◆ **Work to be completed**
The material below includes pictures; leave them out and return only the lines between the line containing "This is an exciting" and the line containing "Get Apps is", inclusive, word for word.

◆ **Supplied material**
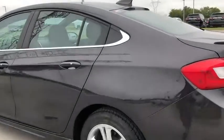This isn't just a vehicle, it's an experience. So stop in for a test drive today.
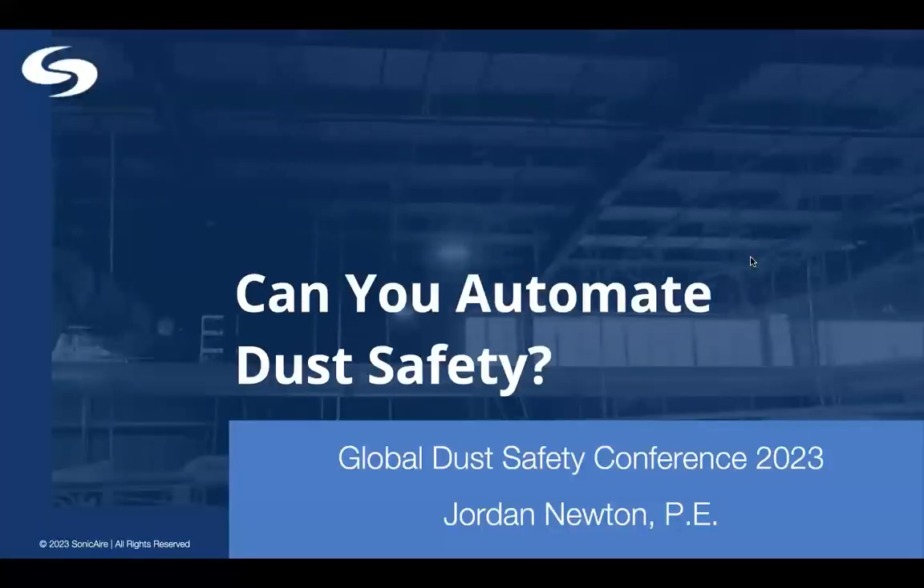We'll go ahead and get started. I still see some people trickling in, but we'll let them come in as the presentation makes way. We have here to kick off session number four, Innovations in Dust Control and Cleaning, Jordan Newton, Chief Operating Officer and Integrator at Sonic Air.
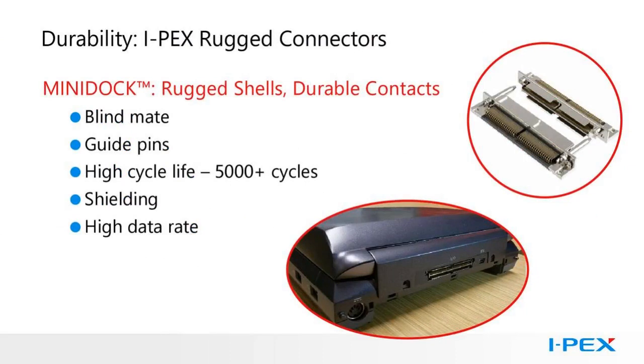Durability. Some portable medical devices use docking stations, allowing the unit to be plugged into a cart or into a rack system along with other devices. The connectors used for this type of application need to be blind-matable and have a high cycle life, allowing the device to be plugged and unplugged thousands of times. These devices will not be plugged and unplugged by equipment technicians, but by medical staff. Contacts and housings need to be rugged, as these devices may be plugged and unplugged in a rush. IPEX MiniDock is a rugged system with a die-cast shell, guide pins, and a high cycle life. Some customization is even possible, such as potting to prevent moisture intrusion at the interface.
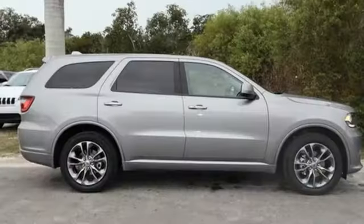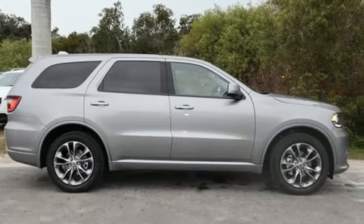Dodge doesn't do middle of the road — leave average in the dust. Experience it for yourself today.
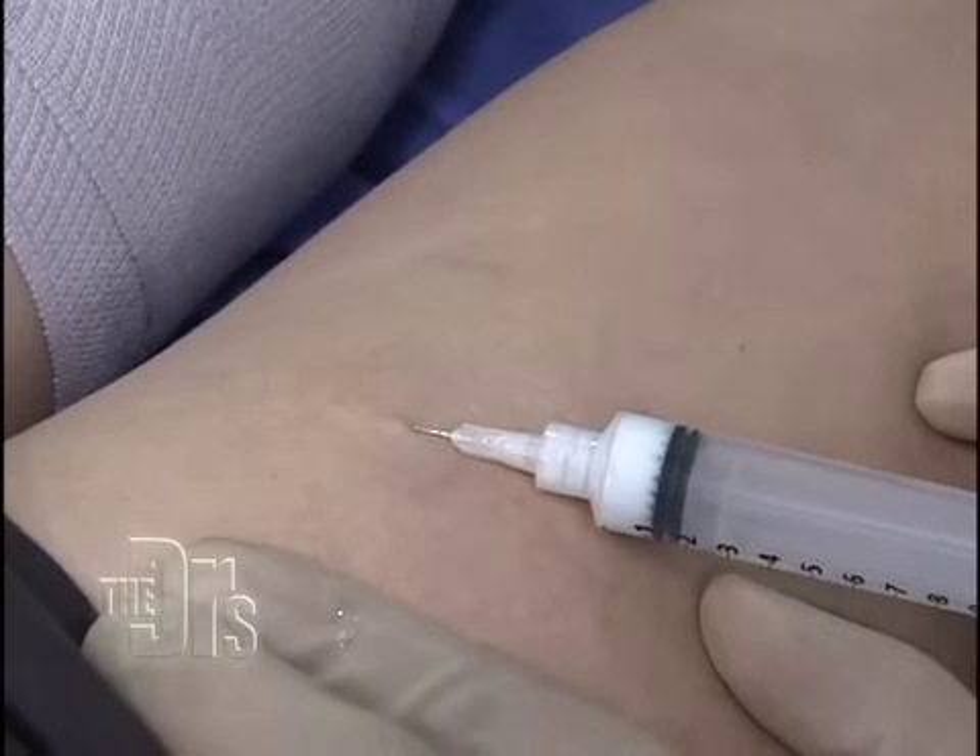We're done with the sclerotherapy injection and this is one of the reasons why people love this treatment. It's safe, effective, and you can see the results right in front of you.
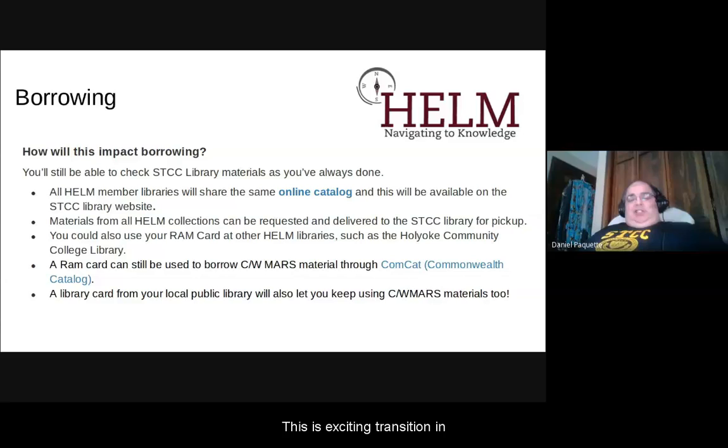This is an exciting transition and there are many opportunities for collaborating amongst member libraries and sharing collections. It really expands our library by 12 times the size. You get access to 12 community college and state college libraries and it's really student-focused, community college student-focused collections. This is a wonderful opportunity with a lot of potential for continued growth and collaboration.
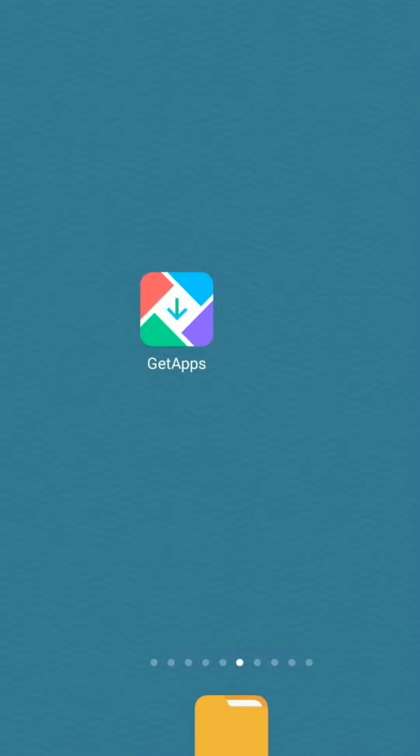Get Apps is the new name for the official app store built by Xiaomi, available on Mi phones. It is based on MIUI and is considered as an alternative for Google Play Store.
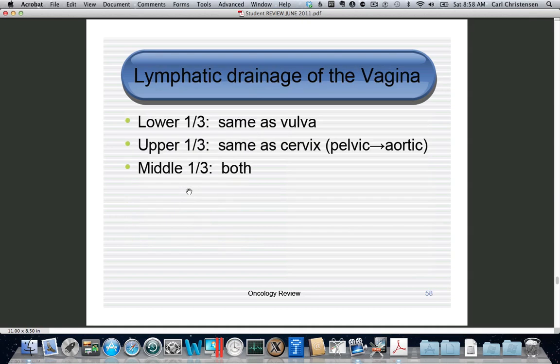For vaginal lymph drainage, divide the vagina into thirds: the lower third drains the same as the vulva — to inguinal nodes; the upper third drains the same as the cervix — into pelvic nodes; and the middle third drains into both. Also important: ovarian cancer drains primarily into the aortic lymph nodes via the ovarian veins and lymphatics, not the pelvic nodes. So if monitoring for metastatic ovarian cancer, focus on the aortic area, not the pelvic area.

◆ **Output for this task**
This is an exciting transition and there are many opportunities for collaborating amongst member libraries and sharing collections. It really expands our library by 12 times the size. You get access to 12 community college and state college libraries and it's really student-focused, community college student-focused collections. This is a wonderful opportunity with a lot of potential for continued growth and collaboration.
Get Apps is the new name for the official app store built by Xiaomi, available on Mi phones. It is based on MIUI and is considered as an alternative for Google Play Store.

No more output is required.